Sorenson invited anyone in the community with connections or interest to Robbinsdale High to attend.
“There is no such thing as crashing this party,” he said.
Festivities will include a tour of the old high school building and sports Hall of Fame inductions on Friday; memorabilia, a storytelling session and dedication of the old building as a historical landmark on Saturday afternoon; an all-school dance with a live band at the Medina Entertainment Center on Saturday night; and a pancake breakfast and vintage car show Sunday.
Most of the events will take place at the former high school, which is now Robbinsdale Middle School, 3730 Toledo Av. N.
Sorenson, 65, graduated from Robbinsdale High in 1966. His adult son is a high school referee, and attending the sporting events his son refereed made Sorenson nostalgic and envious of other schools.
“I saw all their halls of fame and all their memorabilia and I thought, ‘Man alive, Robbinsdale didn’t have any of that,” Sorenson said. “We had such a great school. We need to do something.’ ”
Sorenson, who was an athlete in high school, said the nonprofit committee is also working to gather up trophies and memorabilia to create a permanent exhibit at the old high school. They’re also aiming to create a permanent archive of school documents and relics, likely to be housed at the Robbinsdale Historical Society, Sorenson said.
He said that he found boxes of old yearbooks, photos and memorabilia stored in one of the district’s elementary schools, but that many of the trophies are missing. He is asking alumni to bring in any old trophies they may find in a basement or garage — no questions asked.
Sorenson played three sports, and some of his best memories or high school come from his time on the football team.
“I remember the first time I put on a Robbinsdale football jersey.
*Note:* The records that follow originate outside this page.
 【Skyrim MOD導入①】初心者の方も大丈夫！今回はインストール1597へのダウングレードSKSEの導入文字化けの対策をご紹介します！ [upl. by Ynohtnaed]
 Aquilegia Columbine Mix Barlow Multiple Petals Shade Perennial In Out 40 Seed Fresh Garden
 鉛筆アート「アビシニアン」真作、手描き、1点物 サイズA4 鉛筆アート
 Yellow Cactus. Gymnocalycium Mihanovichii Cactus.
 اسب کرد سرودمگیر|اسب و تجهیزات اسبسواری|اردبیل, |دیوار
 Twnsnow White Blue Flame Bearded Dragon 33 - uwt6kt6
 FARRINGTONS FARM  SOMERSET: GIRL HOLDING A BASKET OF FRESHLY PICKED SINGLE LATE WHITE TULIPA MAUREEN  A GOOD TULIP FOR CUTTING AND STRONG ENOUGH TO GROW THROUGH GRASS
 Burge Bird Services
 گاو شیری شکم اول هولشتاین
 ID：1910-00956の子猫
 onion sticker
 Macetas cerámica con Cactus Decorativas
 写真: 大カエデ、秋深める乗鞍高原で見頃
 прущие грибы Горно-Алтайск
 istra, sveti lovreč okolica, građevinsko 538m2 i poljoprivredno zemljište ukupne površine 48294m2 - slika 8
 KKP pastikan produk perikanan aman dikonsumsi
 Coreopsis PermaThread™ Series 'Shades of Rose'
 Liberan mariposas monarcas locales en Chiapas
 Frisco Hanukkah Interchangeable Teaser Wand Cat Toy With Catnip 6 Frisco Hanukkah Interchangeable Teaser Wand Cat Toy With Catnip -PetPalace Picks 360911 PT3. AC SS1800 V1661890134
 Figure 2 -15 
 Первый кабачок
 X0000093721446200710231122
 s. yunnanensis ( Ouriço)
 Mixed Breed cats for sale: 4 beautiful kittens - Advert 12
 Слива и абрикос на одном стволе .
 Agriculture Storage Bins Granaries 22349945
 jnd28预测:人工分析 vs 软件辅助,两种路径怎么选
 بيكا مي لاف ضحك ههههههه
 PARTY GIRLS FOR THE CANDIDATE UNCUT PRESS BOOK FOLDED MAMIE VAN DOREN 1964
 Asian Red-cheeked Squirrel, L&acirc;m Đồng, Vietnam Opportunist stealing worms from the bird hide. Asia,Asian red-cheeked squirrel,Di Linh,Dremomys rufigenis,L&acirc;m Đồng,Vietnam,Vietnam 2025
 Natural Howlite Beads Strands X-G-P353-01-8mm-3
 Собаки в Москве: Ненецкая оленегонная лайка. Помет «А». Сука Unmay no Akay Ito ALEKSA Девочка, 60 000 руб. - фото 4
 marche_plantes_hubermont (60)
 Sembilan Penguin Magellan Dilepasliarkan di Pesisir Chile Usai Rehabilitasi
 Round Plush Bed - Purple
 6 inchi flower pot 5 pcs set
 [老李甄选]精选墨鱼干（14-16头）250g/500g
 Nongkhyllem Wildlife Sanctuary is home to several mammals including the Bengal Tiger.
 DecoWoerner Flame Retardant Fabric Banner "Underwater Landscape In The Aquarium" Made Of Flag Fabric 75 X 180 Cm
I was in heaven. I had been watching these guys for years,” Sorenson said. “I thought this was the coolest moment. I thought I’d better live up to this.”
The school board closed Robbinsdale High after the school suffered a 40 percent drop in enrollment throughout the 1970s. It was a contentious, prolonged process with packed school board meetings and a court challenge. News of the closure was met with anger and tears.
“It was the original high school in the district, and it had a powerhouse football team in the 1960s,” said Armstrong High Spanish teacher Mark Mertens, who wrote a 677-page dissertation on the high school’s closing. “There were so many ties to the school. … It’s what defined that small town of Robbinsdale.”